10年通う美容室のオーナーはそういう空気をきっちり見極める人なのかどうか、ふわふわしていてつかめない人なのだけれど、毎回オウムのように店の常連の柔道出身のとある格闘家の話と、表参道近隣界隈の四方山話を僕の回答を待つようなふうでもなく、ただ定例の「報告事項」のように耳元でつぶやく。

格闘家の話は、周囲の人間模様も垣間見えるので芸能界のゴシップとして聞く分には面白くもあり、まぁ逆に言えばそれほど大したものでもないのだけど、近隣界隈の四方山話はときに聞き耳頭巾をかぶりたくなるような魅力にあふれていたりする。
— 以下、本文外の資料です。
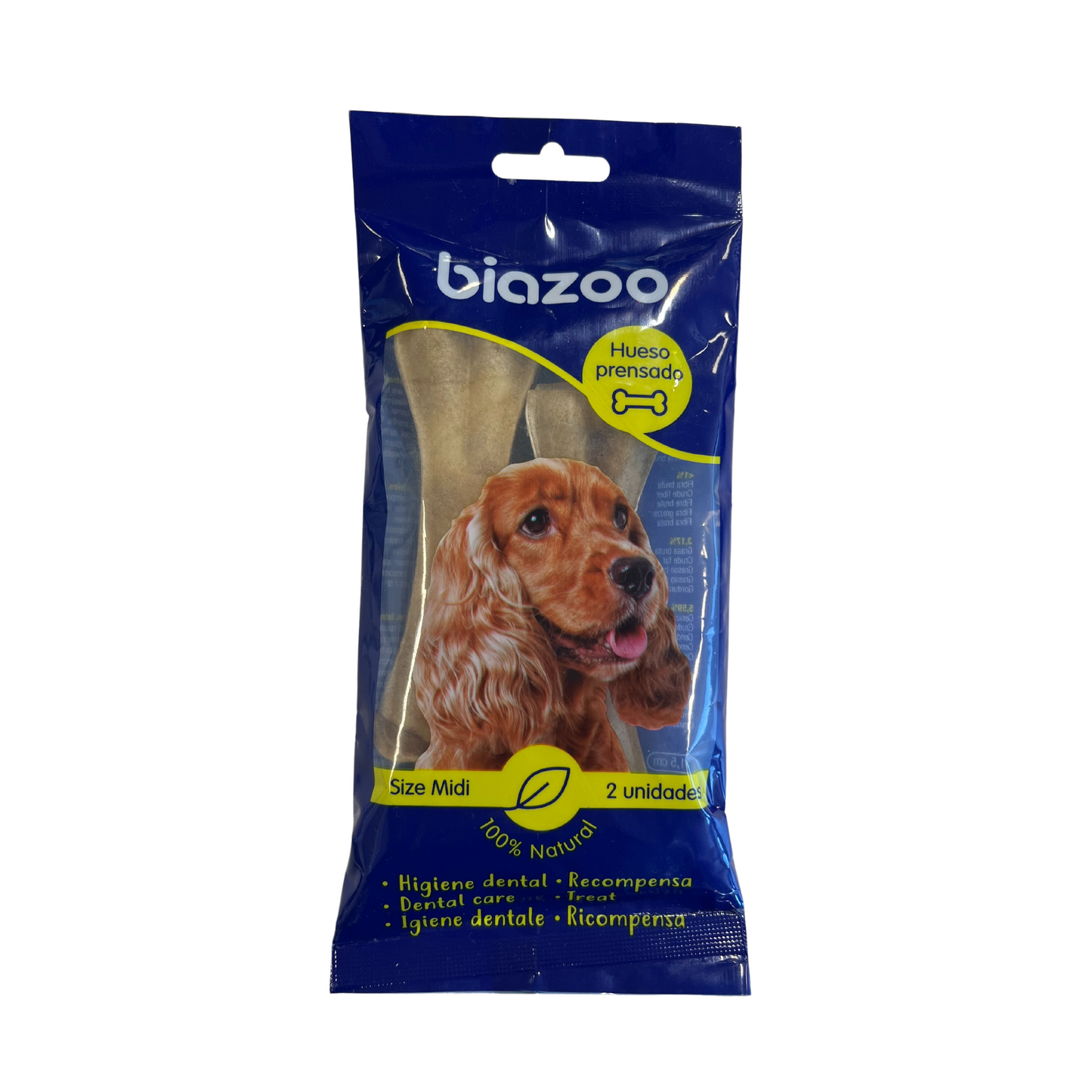 Pressed bone 13 cm 2 pcs.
人間の腰より低い、猫の視線で見たような、その土地にじっとうずくまっている物語を彼は独特の口調でポツポツと、でも僕の反応や回答をなんら期待するところもなくただ「報告」してくれるのである。

僕はときどきニヤリと笑い、ときに声を上げて笑い、ときに目を閉じて景色を想像しながら無言でうなづき、どうしてもおかしくてたまらない地主のおばあちゃんの話には突っ込みをいれたくなるのである。

笑いも、うなづきも、そして突っ込みも、すべて鏡越しに彼に跳ね返っていく。ミントのシャンプーの匂いが漂う洗髪台に響く水の音。耳元でカシャリカシャリと小気味よく鳴る鋏の音。

僕はこの場所に休みに来ている。眠気と清潔感に身をうずめる快感と頭が軽くなる生まれ変わり感のようなもののないまぜになった感覚に漂いながらの小一時間をそんなふうに楽しみにしていたということにいま気がついた。

10年通い続ける場所には何か意味があるだろうと、しばらく離れていて改めて考えてみたらきっとそういうことだった。イギリスの美容室で、僕はまだ休めていない。むしろぐったりと疲れて帰って来る。

来英以来一年が経ち、すべてが日常化してしまったような危機感を感じていたけれど、僕の感覚はまだまだ正常である。